Copy out all lines of the listing below that hold "table".

%%

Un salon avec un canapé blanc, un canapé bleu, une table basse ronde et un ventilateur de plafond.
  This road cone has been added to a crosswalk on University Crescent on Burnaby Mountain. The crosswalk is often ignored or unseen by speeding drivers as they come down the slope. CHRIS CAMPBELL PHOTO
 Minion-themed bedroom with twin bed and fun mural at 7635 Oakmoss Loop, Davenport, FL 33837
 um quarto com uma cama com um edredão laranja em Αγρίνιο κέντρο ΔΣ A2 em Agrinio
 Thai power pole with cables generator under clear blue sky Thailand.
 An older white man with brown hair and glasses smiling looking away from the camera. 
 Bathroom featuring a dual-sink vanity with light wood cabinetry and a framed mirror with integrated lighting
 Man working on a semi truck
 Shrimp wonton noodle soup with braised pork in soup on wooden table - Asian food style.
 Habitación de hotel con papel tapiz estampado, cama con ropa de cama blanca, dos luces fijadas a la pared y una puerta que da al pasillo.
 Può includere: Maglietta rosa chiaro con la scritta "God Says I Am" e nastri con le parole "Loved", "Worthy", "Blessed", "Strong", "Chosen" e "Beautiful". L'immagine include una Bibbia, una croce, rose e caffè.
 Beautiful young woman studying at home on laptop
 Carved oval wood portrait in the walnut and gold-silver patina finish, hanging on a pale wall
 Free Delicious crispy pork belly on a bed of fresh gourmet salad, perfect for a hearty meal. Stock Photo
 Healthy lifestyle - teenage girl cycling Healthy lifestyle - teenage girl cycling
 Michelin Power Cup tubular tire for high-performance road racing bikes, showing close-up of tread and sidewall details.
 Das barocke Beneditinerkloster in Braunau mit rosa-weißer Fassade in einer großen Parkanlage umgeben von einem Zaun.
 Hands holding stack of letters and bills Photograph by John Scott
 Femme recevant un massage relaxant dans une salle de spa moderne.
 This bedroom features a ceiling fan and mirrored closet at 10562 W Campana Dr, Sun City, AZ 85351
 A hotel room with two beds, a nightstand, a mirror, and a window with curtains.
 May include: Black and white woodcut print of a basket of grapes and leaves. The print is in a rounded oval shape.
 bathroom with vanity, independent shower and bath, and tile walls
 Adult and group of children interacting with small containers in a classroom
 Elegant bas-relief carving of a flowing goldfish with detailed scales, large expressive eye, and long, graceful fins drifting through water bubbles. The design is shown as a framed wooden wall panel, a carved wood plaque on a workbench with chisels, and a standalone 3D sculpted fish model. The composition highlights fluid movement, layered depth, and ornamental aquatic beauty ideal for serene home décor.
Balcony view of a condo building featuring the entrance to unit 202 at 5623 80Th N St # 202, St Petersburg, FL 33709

%%

SOLUTION TO THIS PROBLEM:
Un salon avec un canapé blanc, un canapé bleu, une table basse ronde et un ventilateur de plafond.
 Shrimp wonton noodle soup with braised pork in soup on wooden table - Asian food style.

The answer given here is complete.